Falsyfikaty współczesnych dzieł sztuki
zalewają polski rynek. Z fałszerzami nikt nie walczy, eksperci
bywają niewiarygodni, policja jest bezradna. A artyści wściekli.

04.12.2004 | aktual.: 04.12.2004 07:35

Na aukcję sztuki współczesnej w Domu Aukcyjnym "Agra-Art" w Warszawie trafiły dwie prace na papierze Stasysa Eidrigeviciusa. Jedną sprzedano za 800 zł, drugą za 1600 zł. Kupcy jeszcze nie wiedzą, że mają teraz falsyfikaty. Stasys zaś jest pewny, że nie on jest autorem. Opowiada: Zadzwoniła do mnie Janina Czarnecka- Górka, właścicielka krakowskiej galerii Artemis, którą nabywcy rysunków w Agrze poprosili o potwierdzenie autentyczności. Zajrzałem na stronę internetową Agry i nie mogłem uwierzyć. Ktoś posłużył się moimi grafikami ilustrującymi poezje Miłosza, które wydano w 100 egzemplarzach! - opowiada artysta dziennikarzowi "Gazety Wyborczej".
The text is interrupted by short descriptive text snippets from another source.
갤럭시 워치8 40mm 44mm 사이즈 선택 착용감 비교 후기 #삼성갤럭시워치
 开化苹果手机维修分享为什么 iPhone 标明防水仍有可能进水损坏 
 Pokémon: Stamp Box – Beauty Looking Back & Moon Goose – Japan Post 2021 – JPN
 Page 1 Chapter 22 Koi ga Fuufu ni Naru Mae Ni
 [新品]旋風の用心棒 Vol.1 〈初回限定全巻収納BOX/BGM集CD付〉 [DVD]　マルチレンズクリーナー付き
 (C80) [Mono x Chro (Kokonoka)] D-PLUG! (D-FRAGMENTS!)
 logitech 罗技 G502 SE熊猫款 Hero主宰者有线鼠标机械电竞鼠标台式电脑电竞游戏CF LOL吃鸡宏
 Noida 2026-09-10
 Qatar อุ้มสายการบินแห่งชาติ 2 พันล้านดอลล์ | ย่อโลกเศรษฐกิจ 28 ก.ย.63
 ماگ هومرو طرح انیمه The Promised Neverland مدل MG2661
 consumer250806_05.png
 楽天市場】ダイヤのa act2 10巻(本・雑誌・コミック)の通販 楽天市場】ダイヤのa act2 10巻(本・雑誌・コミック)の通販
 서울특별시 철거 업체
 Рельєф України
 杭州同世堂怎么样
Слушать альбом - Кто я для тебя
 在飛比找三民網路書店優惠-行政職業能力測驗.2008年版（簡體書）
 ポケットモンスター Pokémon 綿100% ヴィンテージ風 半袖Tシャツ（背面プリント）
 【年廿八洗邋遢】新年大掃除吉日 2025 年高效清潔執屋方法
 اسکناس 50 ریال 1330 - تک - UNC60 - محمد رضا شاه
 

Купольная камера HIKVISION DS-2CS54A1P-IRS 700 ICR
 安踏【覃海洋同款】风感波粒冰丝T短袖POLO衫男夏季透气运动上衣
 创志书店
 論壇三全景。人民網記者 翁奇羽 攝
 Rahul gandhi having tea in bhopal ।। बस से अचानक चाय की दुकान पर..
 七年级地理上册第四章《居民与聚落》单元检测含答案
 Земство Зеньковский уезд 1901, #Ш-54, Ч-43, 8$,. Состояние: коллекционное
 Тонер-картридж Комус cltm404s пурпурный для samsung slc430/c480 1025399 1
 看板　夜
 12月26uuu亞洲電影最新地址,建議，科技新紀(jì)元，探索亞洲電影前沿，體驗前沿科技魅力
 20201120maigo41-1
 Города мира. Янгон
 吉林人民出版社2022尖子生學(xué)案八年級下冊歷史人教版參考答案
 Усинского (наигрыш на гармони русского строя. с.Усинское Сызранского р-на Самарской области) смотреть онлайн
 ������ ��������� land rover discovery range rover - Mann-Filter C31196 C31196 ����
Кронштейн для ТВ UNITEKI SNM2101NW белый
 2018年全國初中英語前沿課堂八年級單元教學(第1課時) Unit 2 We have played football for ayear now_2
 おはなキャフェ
Fałszerstwa to proceder stary jak świat. W Polsce stał się problemem od końca XIX w. Fałszowanie Fałata czy Malczewskiego było tak nagminne, że już w 1912 r. malarze wytoczyli proces o podrabianie obrazów. W PRL ten proceder wstydliwie przemilczano - informuje "Gazeta Wyborcza".

Od kilkunastu lat - czyli momentu narodzin rynku sztuki - liczba falsyfikatów lawinowo rośnie. I to właśnie sztuki współczesnej. Wielu marszandów bagatelizuje problem. Nie chcą na ten temat mówić, bo to "źle wpływa na rynek" i "podważa zaufanie klientów". Tylko niektórzy - tak jak właścicielka galerii Artemis - uważają, że nie można dłużej milczeć. To kwestia naszej wiarygodności. Chcemy, by klient do nas wracał - tłumaczy gazecie.

Stasys podjął walkę z fałszerzami. Dwa razy razem z policją poszedł do warszawskich galerii (Belloto na Krakowskim Przedmieściu i Primavera w budynku Marriott), gdzie znalazł podróbki. "Dzieła" skonfiskowała policja, warszawska prokuratura umorzyła dochodzenie. Dlaczego? Bo "nie można przypisać działania z zamiarem bezpośrednim wprowadzenia w błąd co do autorstwa obrazów" - donosi "Gazeta Wyborcza". (PAP)

Źródło artykułu:PAP
Wybrane dla Ciebie
Komentarze (0)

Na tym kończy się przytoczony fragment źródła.